Death can be costly for those left behind to pay funeral costs.
That’s one of the reasons a public meeting is being held in Halifax next week to discuss the feasibility of creating a funeral co-operative in the city.
Karen Miner, a co-operative sector professional with a day job at Saint Mary’s University’s business school, wants to learn more about funeral co-operatives and is hoping others share her interest.
She has invited a guest speaker from Quebec to attend a Sept. 27 meeting to help determine if the idea has merit.
Luc Charest, the cooperative development advisor from the Federation of Funeral Co-operatives of Quebec (www.fcfq.coop/en/funeral-cooperatives), has offered to help conduct a high level market feasibility study on launching a funeral co-op in Halifax.
If the response to next week’s meeting is positive, that study would likely happen, followed by a steering committee evaluation and possible move forward.
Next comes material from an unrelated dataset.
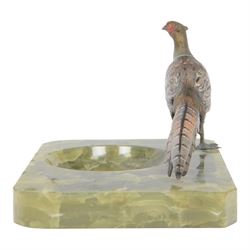 After Franz Bergman, 20th century cold painted bronze, of a pheasant, mounted on an onyx ashtray, H13cm, L22cm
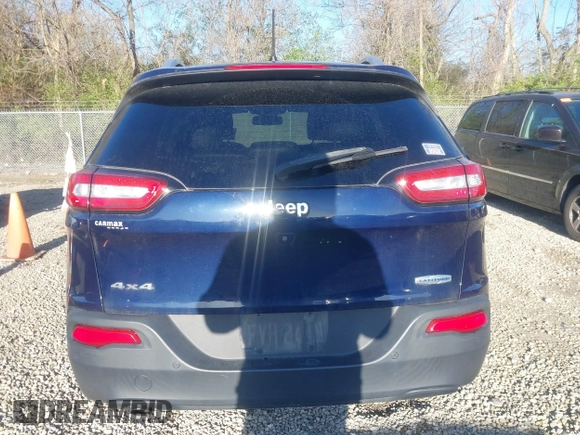 2015 Jeep Cherokee Latitude with VIN 1C4PJMCB1FW709560, listed as a IAAI auction lot 42035619 with 162,354 mi miles. Bid and sale history available at carsss.com. Image 16.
“I’m interested in learning how we might consider making this happen,” Miner said.
“Many of us avoid dealing with death. I think there’s some benefit to taking a personal responsibility for what you want to happen after you die.”
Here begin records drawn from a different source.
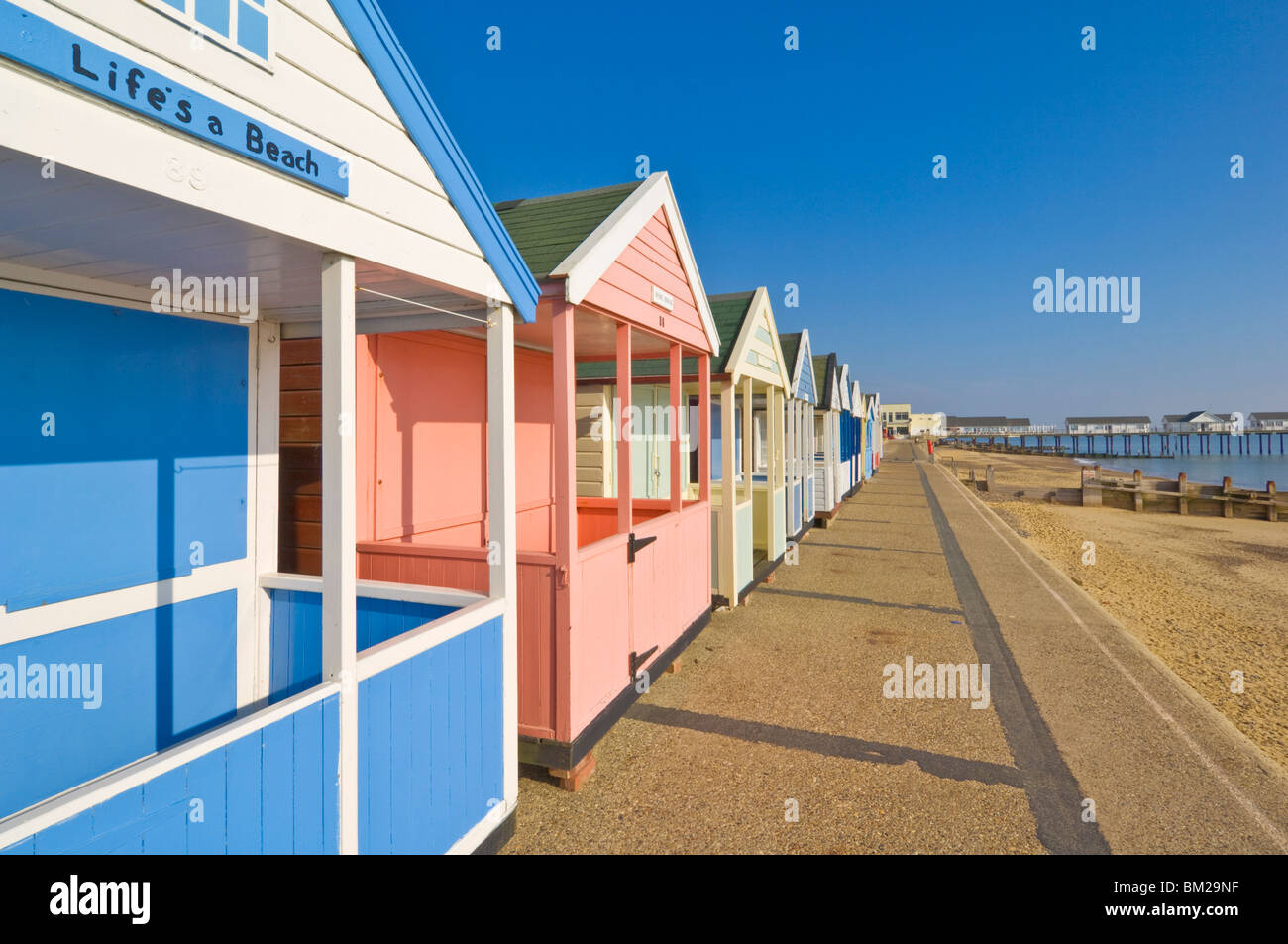 Dipinto luminosamente cabine sulla spiaggia, al pomeriggio di sole, sul lungomare, Southwold, Suffolk, Regno Unito Foto Stock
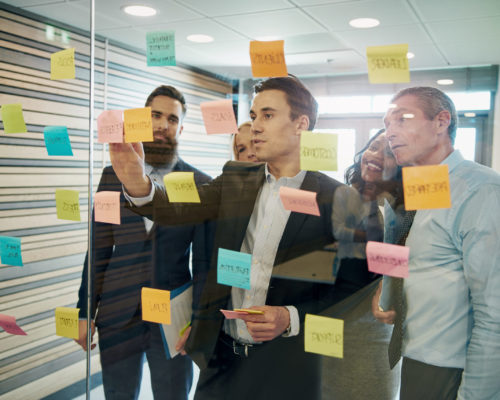 Group of business people brainstorming Group of business people brainstorming with sticky notes on glass window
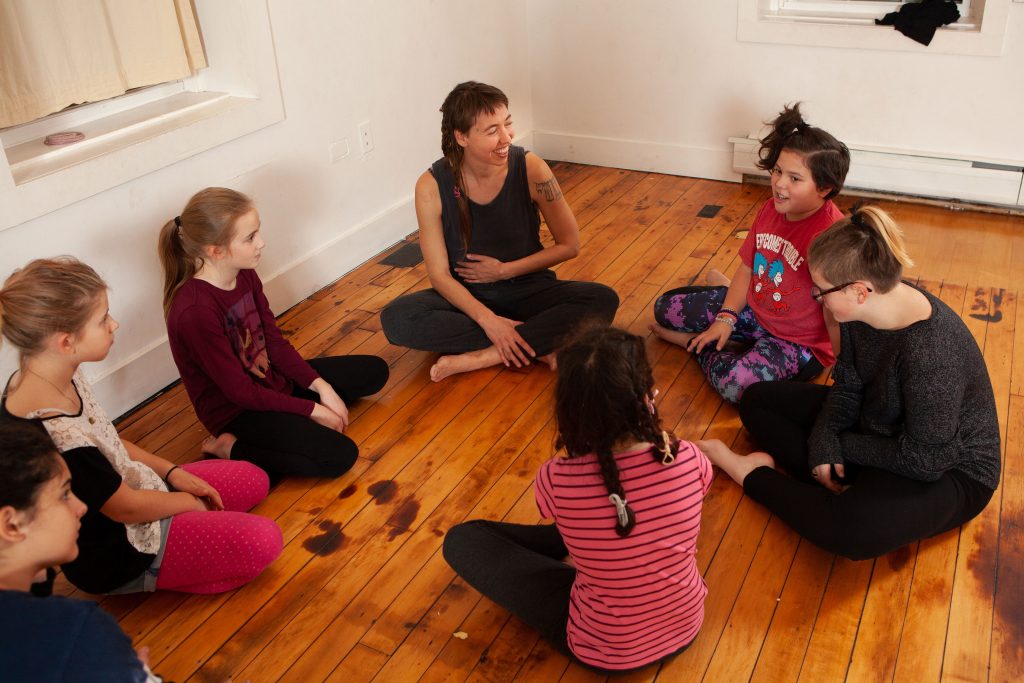 
Photo shows Anna Hendricks sitting cross legged in a circle alongside 7 adolescent youth (ages 10 - 12). They have bare feet, are dressed in casual clothing and are on a wooden dance floor. Anna is smiling and looking at a student who is speaking. She has her hand placed on her stomach.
Miner said some cultural communities and those like her who are interested in more environmentally friendly possibilities would likely find more options at a more affordable price within a funeral co-op model.
While there are a handful of funeral co-operatives in Nova Scotia, including one in Musquodoboit, there aren’t any in Halifax.
Charest said he’s looking forward to visiting Halifax and sharing his knowledge of how funeral co-operatives benefit the communities they serve.
“Generally, it is more affordable ... We can provide a full range of services as any other funeral home while not pursuing profit in doing so,” Charest said. “In Quebec it has an impact on the price of all funerals. As soon as a co-op is in a community, the competitors have to lower their prices as well so this effects you positively whether or not you’re a co-op member.”
Charest said because co-op members are owners, they decide together what services are appropriate for their respective co-op.
“All it takes to make a co-op is to never start with the money. Always start with the people,” he said.
The meeting takes place Sept. 27 from 4 p.m. to 5 p.m. at 1800 Argyle St. (World Trade & Convention Centre), Suite 801, Halifax (Saint Mary’s Executive and Professional Development).
Everest, a US-based funeral planning and concierge service, recently released research that found Nova Scotia had the highest funeral costs ($10,495 on average) when compared with other provinces.
In Halifax, it was even more expensive, with the average $11,152 price tag making it the highest among Canadian cities.
The average cost of a traditional funeral in Canada overall is $9,790
Everest Research also found that while 90 per cent of Canadians agree that pre-planning their funeral would significantly reduce pain and hardship on their family at the time of their death, only nine per cent have done so.